Model 2: Linear Regression with lasso
- RMSE 4.09976
- R^2 0.77570
Hmm. No improvements. Still under predicting high scorers. Let’s try random forests.
Model 3: Random Forest
Instead of using only the 13 features we initially engineered, perhaps the computer can pick up on signals from the other features. With the random forest technique the computer will have more chances in teasing out what may or may not be important for a player’s goals per season.
- RMSE 2.70191
- R^2 0.90259
Wow. Significantly better. Those high scoring players though…
Model 4: Gradient Boosting
- RMSE 1.80720
- R^2 0.95641
Okay. This is looking rather good. It’s still under predicting high scorers, but otherwise, it looks almost too good to be true. Maybe there is some strong connection between the shooting stats and the goals scored. That passes the sanity check that shooting more would equate to more goals. Let’s try taking out the shooting stats and see what happens.
Model 5: Gradient Boosting without Shooting Stats
- RMSE 4.57669
- R^2 0.72049
As expected, the model doesn’t fit as well as earlier. Still actually quite good though; nearly as good as our vanilla Linear Regression. Hmm. Unfortunately though, after all these attempts, it seems our data might be incapable of modeling the high scorers properly. Regardless, this model will still offer insights into what contributes to an average player’s goals besides just shooting. That’s what we were after to begin with.
With ml-insights we can get a bigger picture on how each feature impacts our predictions with all else held equal.
Our model is identifying quite a few “presence” features as important. The most important, OZFO, being “Offensive Zone Faceoffs”.
It seems the more offensive (OZFO) and neutral zone (NZFO) faceoffs you take, the more likely you’ll score. This makes a lot of sense. If you are closer to the enemy net, the more chances you have for scoring.
What is also interesting are the “pressure” features. You’d think getting pucks stolen from you would equate to scoring less, but it seems like both takeaways (TK) and giveaways (GV) results in more goals.

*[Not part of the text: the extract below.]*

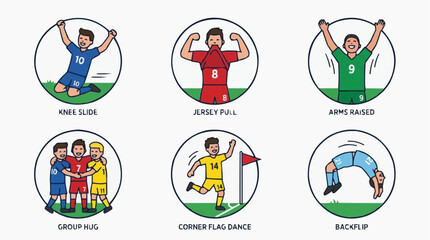 Fototapeta premium Soccer Player Icons Celebrate Athletic Actions in a Goal Celebration Set, Highlighting Teamwork, Training, and Sports Performance Concept for Media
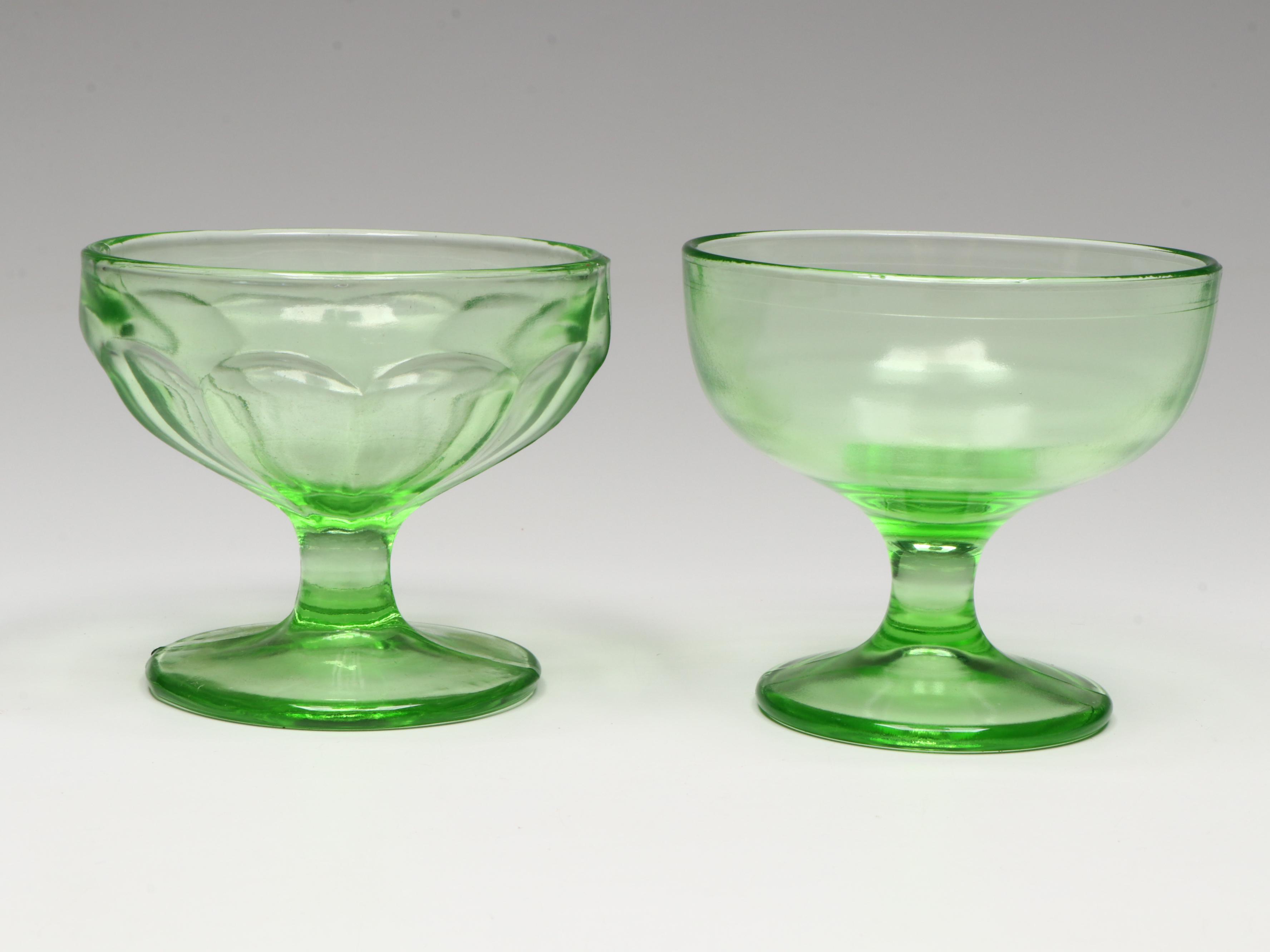 Uranium Glass Sherbet Glass Collection, Early to Mid-20th Century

Don’t mind the drop off after 90 giveaways in the graph. I just don’t have any data points for a player giving away the puck that many times. What I think is happening with giveaways is that if you are giving away the puck you are most likely heavily pressuring the defense and they just happened to knock you off your attack sequence. The more you try to attack, the more scoring chances you have regardless of sometimes giving it away.
Wow. I did not expect the results to be so intuitive. I’m sure any coach could have told you these results, but this absolutely confirms the fundamentals of the game.
- Shoot more, score more
- Attack, attack, attack. If you are in the offensive zone, you have more chances.
- Pressure, pressure, pressure. If you are aggressive in stealing and pushing your plays regardless of what happens, you have more scoring chances.
This reminds me of the Todd McClellan days of the Sharks. Our whole game plan back then was to just attack hard and shoot often. It all makes sense now.